Educational and feedback strategies used to improve patient experience are very resource intensive. Training sessions provided at some hospitals may take hours, and sustained effects are unproved. The presence of an independent observer in patient rooms to generate feedback for providers is not scalable and sustainable outside of a research study environment.9-11,15,17,26-29 We attempted to use physician repeated self-reporting to reinforce the important and easy to adopt components of etiquette-based behavior to develop a more easily sustainable strategy. This may have failed for several reasons.

When combining “always” and “usually” responses, the physicians in our study reported a high level of etiquette behavior at baseline. If physicians believe that they are performing well at baseline, they would not consider this to be an area in need of improvement. Bigger changes in behavior may have been possible had the physicians rated themselves less favorably at baseline. Inflated or high baseline self-assessment of performance might also have led to limited success of other types of educational interventions had they been employed.

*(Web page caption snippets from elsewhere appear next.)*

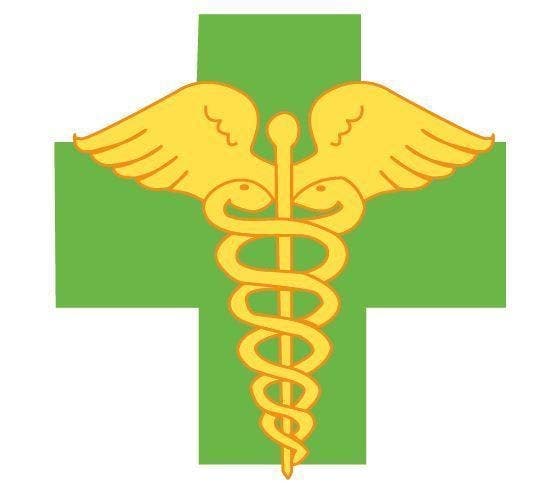Medical Alternatives Clinic Bruce Reimers, MD logo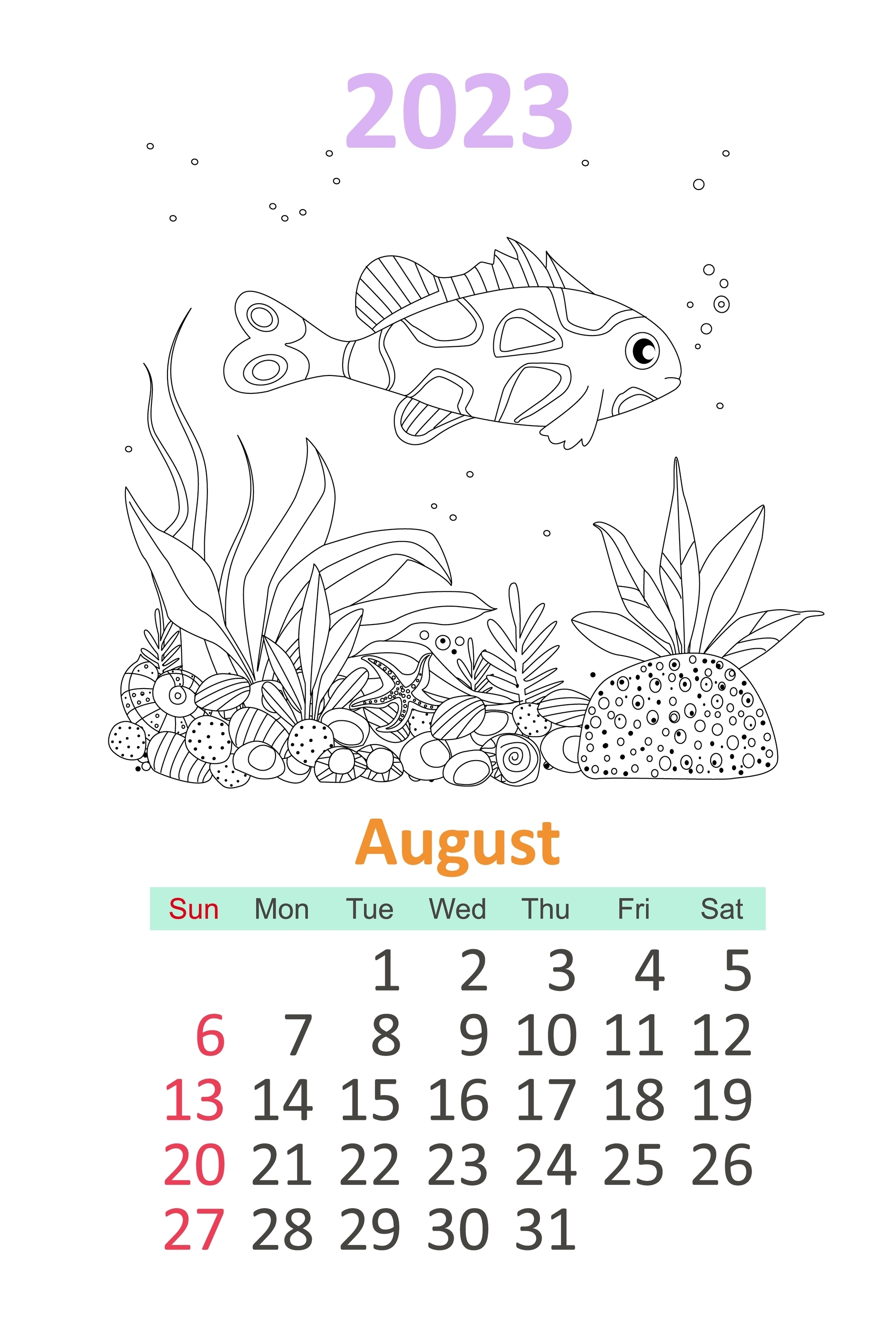 calendario-agosto-2023-da-stampare-2.jpg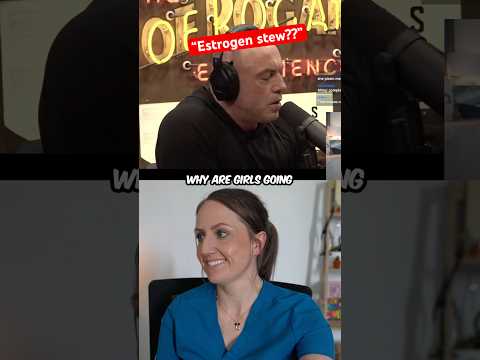 Real doctor crashes out over bullsh*t Surgeon General nominee...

Studies published since the rollout of our study have shown that physicians significantly overestimate how frequently they perform these etiquette behaviors.30,31 It is likely that was the case in our study subjects. This may, at best, indicate that a much higher change in the level of self-reported performance would be needed to result in meaningful actual changes, or worse, may render self-reported etiquette behavior entirely unreliable. Interventions designed to improve etiquette-based behavior might need to provide feedback about performance.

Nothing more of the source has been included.